Well, I let the state's Teacher's Retirement System do all the work on the pension, and that suits me fine. I lost money every time I invested in stocks and made very little with bonds. For my other investments (cattle and timber land), I personally watch them (and their respective markets) closely. There are goats also, but they are my loss leader...and aggravating to no end.


----------



## Micheal (Jan 28, 2009)

My brokerage account is "on-line" although they are only an 800 number or e-mail away.

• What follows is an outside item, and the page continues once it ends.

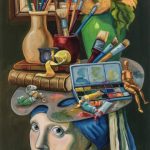 GPAG: Art Exhibition: THINKING OUT LOUD | Coralie Swaney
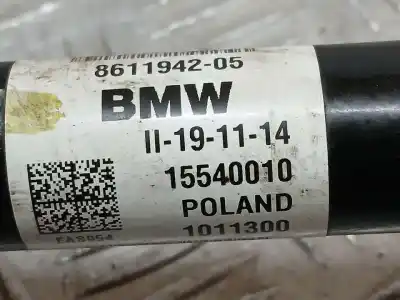 Автозапчастина б/у передня права трансмісія для bmw serie 2 active tourer (f45) 218d посилання на oem iam 861194205  15540010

They also have local offices 60 miles west or 80+ miles east for a face-to-face if needed/wanted.

Many, many, years ago I dealt with a local broker and found that with doing my own research etc he wasn't any "smarter" nor knowledgeable than I was........ specially not for the added costs. 
Guess that's the advanage of the internet, I can get as detailed as I care to where as the broker has to know a little about everything and usually any detailed info given out is more or less "boiler-plate" from somewhere else....


----------



## Bentley (Jul 10, 2008)

One word. " Vanguard". 

Low cost funds, and the ability to buy/sell equities at any time. 

This works well for me

B


----------



## agmantoo (May 23, 2003)

No one knows my risk taking capability and my financial goals as well as I know mine. Therefore, IMO no one is more qualified to guide what I do for myself than I am.
I have been the executor a number of times for various decedents. I have witnessed what others did for these people. Each and every time the persons handling their affairs were only looking out for themselves. Professional investors rarely explained back end loads or even front end ones. Commissions were shared, finder fees paid, money was misappropriated and money was outright stolen. With the internet there are legitimate brokerage firms that allow individuals to handle their accounts themselves. Doing research and trading stocks and mutual funds is easy and swift. Positioning trades without requiring the personal attention of a private investor is just a matter on sitting down to a computer at any hour. Access to ones account for adding or withdrawing funds is straight forward and prompt.
Before using an invester just stop to think that he is most likely working to a larger outfit. If he was as capable as he would lead you to believe he would be working for himself managing his own assets.

Most folks work 40 plus hours a week for many years. Why is it that they cannot spend some time each week managing that income?


----------



## MoonRiver (Sep 2, 2007)

My accounts are all online accounts. I subscribe to a newsletter and use their recommendations for most of my stock purchases.


----------